About this exercise:
Transcribe precisely those lines of the listing that fall between the line containing "2018 Travel Luggage" and the last line, inclusive of both.
____
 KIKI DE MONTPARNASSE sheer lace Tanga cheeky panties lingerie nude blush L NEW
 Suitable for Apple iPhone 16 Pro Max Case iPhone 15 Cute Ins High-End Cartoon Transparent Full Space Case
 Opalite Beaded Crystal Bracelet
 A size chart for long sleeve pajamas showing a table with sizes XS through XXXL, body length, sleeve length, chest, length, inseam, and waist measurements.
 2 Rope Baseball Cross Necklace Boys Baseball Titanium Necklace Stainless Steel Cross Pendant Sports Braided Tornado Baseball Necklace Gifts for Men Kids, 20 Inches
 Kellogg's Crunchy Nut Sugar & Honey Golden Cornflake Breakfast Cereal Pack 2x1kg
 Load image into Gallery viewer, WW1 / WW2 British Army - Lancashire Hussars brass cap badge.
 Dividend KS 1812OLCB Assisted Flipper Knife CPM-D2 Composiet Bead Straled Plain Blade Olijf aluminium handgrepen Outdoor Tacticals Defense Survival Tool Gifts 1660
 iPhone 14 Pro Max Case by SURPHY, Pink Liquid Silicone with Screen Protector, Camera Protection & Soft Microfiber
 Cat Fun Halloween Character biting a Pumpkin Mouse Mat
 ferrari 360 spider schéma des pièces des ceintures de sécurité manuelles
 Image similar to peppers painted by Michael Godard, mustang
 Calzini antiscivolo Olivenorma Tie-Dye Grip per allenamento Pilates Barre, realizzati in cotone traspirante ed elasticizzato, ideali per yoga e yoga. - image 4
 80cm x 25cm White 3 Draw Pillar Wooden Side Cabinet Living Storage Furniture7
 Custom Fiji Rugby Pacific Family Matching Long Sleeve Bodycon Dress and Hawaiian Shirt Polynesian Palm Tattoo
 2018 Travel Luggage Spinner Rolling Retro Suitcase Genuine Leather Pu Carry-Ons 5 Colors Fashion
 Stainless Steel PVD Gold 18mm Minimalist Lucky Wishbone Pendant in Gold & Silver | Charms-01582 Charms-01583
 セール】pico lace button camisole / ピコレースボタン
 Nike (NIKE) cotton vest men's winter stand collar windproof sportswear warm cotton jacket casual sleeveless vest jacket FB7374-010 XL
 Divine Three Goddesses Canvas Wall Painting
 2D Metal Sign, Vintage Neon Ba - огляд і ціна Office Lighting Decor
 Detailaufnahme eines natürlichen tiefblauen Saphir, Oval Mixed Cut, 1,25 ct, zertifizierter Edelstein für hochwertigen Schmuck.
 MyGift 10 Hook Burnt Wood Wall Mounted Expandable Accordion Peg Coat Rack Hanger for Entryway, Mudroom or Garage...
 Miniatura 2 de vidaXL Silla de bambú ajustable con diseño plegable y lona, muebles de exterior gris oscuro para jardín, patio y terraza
____
Answer to this task:
 2018 Travel Luggage Spinner Rolling Retro Suitcase Genuine Leather Pu Carry-Ons 5 Colors Fashion
 Stainless Steel PVD Gold 18mm Minimalist Lucky Wishbone Pendant in Gold & Silver | Charms-01582 Charms-01583
 セール】pico lace button camisole / ピコレースボタン
 Nike (NIKE) cotton vest men's winter stand collar windproof sportswear warm cotton jacket casual sleeveless vest jacket FB7374-010 XL
 Divine Three Goddesses Canvas Wall Painting
 2D Metal Sign, Vintage Neon Ba - огляд і ціна Office Lighting Decor
 Detailaufnahme eines natürlichen tiefblauen Saphir, Oval Mixed Cut, 1,25 ct, zertifizierter Edelstein für hochwertigen Schmuck.
 MyGift 10 Hook Burnt Wood Wall Mounted Expandable Accordion Peg Coat Rack Hanger for Entryway, Mudroom or Garage...
 Miniatura 2 de vidaXL Silla de bambú ajustable con diseño plegable y lona, muebles de exterior gris oscuro para jardín, patio y terraza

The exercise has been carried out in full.